**TRY IT**: Going line by line through the entries below, count those that contain "image". Give the number by itself.

[Web page caption snippets]

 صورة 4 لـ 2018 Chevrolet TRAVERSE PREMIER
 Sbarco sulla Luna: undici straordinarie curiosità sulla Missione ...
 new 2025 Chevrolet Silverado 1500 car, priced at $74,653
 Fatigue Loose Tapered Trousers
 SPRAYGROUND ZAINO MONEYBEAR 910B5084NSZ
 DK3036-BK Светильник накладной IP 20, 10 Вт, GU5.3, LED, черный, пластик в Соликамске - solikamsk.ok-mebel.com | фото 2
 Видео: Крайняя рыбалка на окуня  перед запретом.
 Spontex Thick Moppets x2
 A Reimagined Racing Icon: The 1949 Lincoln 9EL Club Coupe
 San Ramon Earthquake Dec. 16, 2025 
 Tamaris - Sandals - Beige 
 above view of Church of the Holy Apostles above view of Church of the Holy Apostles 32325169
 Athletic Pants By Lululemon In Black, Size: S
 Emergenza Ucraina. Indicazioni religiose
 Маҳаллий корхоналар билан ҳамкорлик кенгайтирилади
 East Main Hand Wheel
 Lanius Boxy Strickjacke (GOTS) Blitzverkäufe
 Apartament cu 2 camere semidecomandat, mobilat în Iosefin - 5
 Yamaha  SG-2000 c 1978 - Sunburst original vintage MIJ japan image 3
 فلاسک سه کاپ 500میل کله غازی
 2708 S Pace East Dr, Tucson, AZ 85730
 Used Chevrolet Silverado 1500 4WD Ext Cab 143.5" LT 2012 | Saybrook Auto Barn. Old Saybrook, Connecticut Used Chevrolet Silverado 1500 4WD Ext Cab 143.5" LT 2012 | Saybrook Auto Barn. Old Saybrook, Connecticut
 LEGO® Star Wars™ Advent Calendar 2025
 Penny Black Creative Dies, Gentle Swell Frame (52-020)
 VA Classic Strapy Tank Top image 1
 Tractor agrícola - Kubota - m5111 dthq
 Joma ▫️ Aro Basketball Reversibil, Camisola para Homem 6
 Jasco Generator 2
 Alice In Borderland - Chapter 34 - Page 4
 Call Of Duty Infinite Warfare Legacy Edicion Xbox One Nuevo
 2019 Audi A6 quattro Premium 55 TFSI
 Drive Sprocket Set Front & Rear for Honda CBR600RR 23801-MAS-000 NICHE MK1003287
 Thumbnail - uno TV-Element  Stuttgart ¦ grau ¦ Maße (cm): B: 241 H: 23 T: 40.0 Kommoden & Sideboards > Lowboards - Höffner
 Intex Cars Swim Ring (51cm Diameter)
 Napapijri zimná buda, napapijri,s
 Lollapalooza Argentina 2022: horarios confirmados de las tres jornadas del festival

**ANSWER SPACE**: 2